Valais Blacknose are called the “cutest sheep in the world.” And right now, they’re the hottest ticket in the sheep world.

The Valais is an ancient breed that originated in the Swiss Alps, where for centuries it was used for meat and wool. Historically few in number, in the past decade, the animals’ adorable looks have propelled them into prominence. And now they’re proliferating, purely as a pet.

The breed has spread to Europe, the UK, and the US, and this year the first Valais reached New Zealand and Australia.

The Valais Blacknose, German: Walliser Schwarznasenschaf, is a breed of domestic sheep originating in the Valais region of Switzerland. It is a dual-purpose breed, raised both for meat and for wool.
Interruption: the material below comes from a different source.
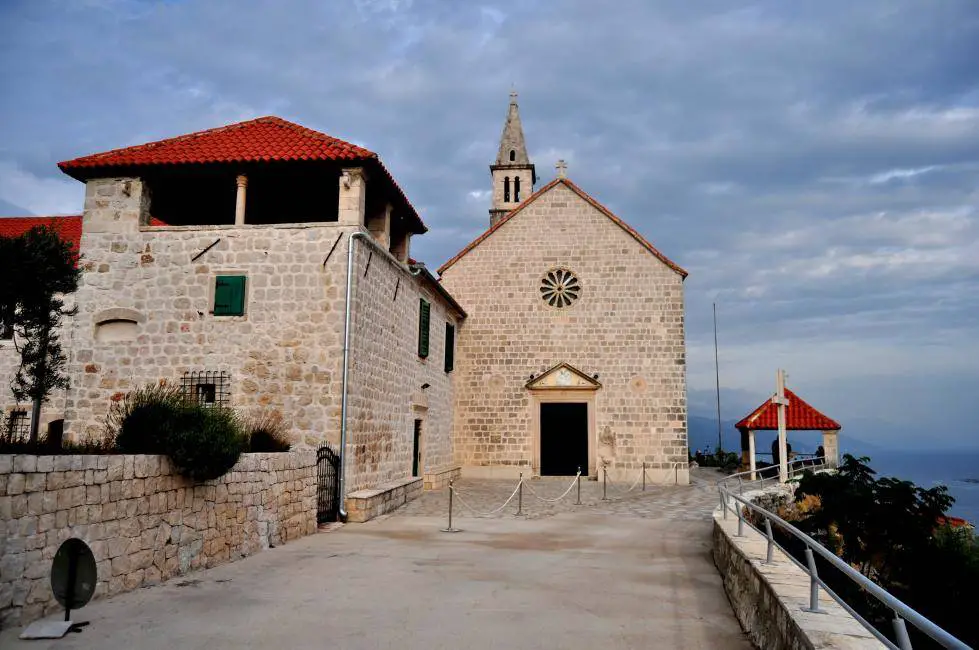 Kirche mit Blick aufs Meer - Segeln in Kroatien.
The breed originates in the mountains of the canton of Valais – from which its name derives – and of the Bernese Oberland. It is documented as far back as the fifteenth century, but the present German name was not used before 1884; the breed standard dates from 1962. In the past there was some cross-breeding with imported sheep, in the nineteenth century of Bergamasca and Cotswold stock,  and in the twentieth century of the Southdown breed. 


The Schwarznasenschaf is a mountain breed, well adapted to grazing on the stony pastures of its area of origin. Both rams and ewes are horned.


The Valais Blacknose is a dual-purpose breed, reared for both meat and wool. The wool is coarse: fibre diameter averages approximately 38 microns, and staple length is 100 mm or more.  The annual yield is about 4 kg per head.